Le monde a besoin d'unité, pas d'uniformité. Pour Julien Green, «le monde pour se sauver n'a qu'une issue de secours : (...) l'amour». «(...) De toute évidence, ce qui peut unir tous les hommes est ce grand mystère qui est l'Amour, car les différences disparaissent dans l'amour» écrivait-il. «Aimer, c'est ne plus comparer» disait Bernard Grasset. La vraie paix - la concorde, pas le calme - ne peut venir que de l'accueil bienveillant de la différence.

23/05/2014

Liaisons dangereuses

Ah ! L'actualité. Cette actualité médiatique qui nous met le nez sur l'écume des jours. Paul Valéry écrivait dans Regards sur le monde actuel chez Folio essais : «Les événements ne sont que l’écume des choses, ce qui m'intéresse, c'est la mer». Et André Gide affirmait : «Pour bien décrire quelque chose, il ne faut pas avoir le nez dessus». Au lieu de ça, le nez dans le guidon, nous sommes condamnés à ne pas voir plus loin que le bout de notre nez.

Mais cela n'en arrangerait-il pas plus d'un, voire cela ne serait-il pas recherché ? François Bayrou dans son discours de clôture de l'Université d'été des jeunes UDF du 2 septembre 2006 à La Grande Motte, s'en prenait aux «détenteurs de ces immenses puissances, de ces forces de frappe industrielles et médiatiques qui jouent un si grand rôle dans la formation de l'opinion», et au «lien d'intimité et d'intérêt entre ces puissances et le pouvoir, actuel ou futur».

Déjà fin 2001 dans Relève chez Grasset, il vilipendait «la culture de cour», «la fréquentation des influents», «les carrières (...) par la faveur», «les ambitions (…), cherchant la faveur du prince, ou la faveur des favoris, et même celle des favoris des favoris». Et Philippe Meyer en 2002 avec son Démolition avant travaux chez Robert Laffont poursuivait la même réflexion, qu'on pourrait d'ailleurs élargir à d'autres que Bouygues, Dassault ou Lagardère. Exemples : Arnault, Bolloré, Lucas (Crédit Mutuel), Niel, Pinault, Rothschild...

«L'état de dépendance de ces compagnies à l'égard des pouvoirs publics conduit (...) à des censures, à des autocensures et à des complaisances (...). Il constitue aussi l'une des explications du trop d'intérêt que les médias accordent aux hommes politiques et à leurs partis, du trop d'espace qu'ils réservent aux appareils d'État et à leurs dirigeants et du peu de place et de travail qu'ils consacrent à observer la société et à chercher à la comprendre.

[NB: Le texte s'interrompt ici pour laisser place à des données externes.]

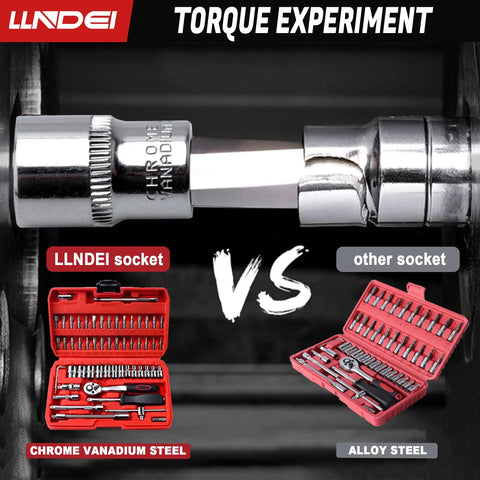1/4 Inch Drive Socket Set With Ratchet Wrench Metric 4-14mm Sockets 57 Plus 1 Piece All In One Magnetic Pickup Tool side comparison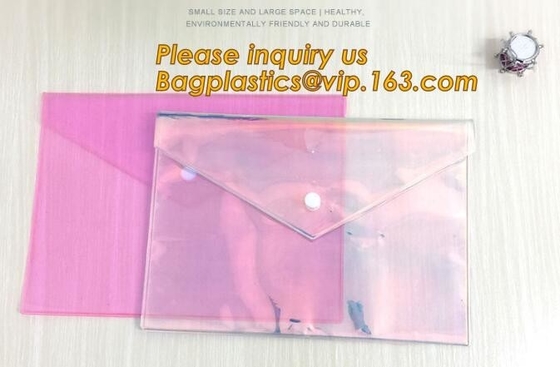 네온 버튼 가방, 버튼 envelope,A4 방수 PVC PP 문서 가방, 거치대를 위한 최상품 학교 용도 pvc 문서 가방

«La presse française d'information générale, écrite ou électronique, continuait Philippe Meyer, est un mélange d'informations sur et pour le microcosme et de séquences divertissantes ou futiles. Les secondes amusent la galerie et les premières fortifient continûment le caractère incestueux des relations entre les pouvoirs politique, financier, culturel et le prétendu quatrième pouvoir, qui a renoncé à être autre chose que le partenaire des trois autres».

Et il concluait que ce système verrouillé est incompatible «avec ce que la démocratie suppose de fluidité, d'égalité d'accès aux moyens d'agir, d'apprendre, de dire, de savoir, de débattre». Et puis, "Porter à la connaissance du public" n'a rien à voir avec "exercer une action sur le public". Lord Northcliffe, patron de presse, disait en 1903 : «Quelque part, quelqu'un cache quelque chose. Là se situe l'information, tout le reste n'est que de la publicité».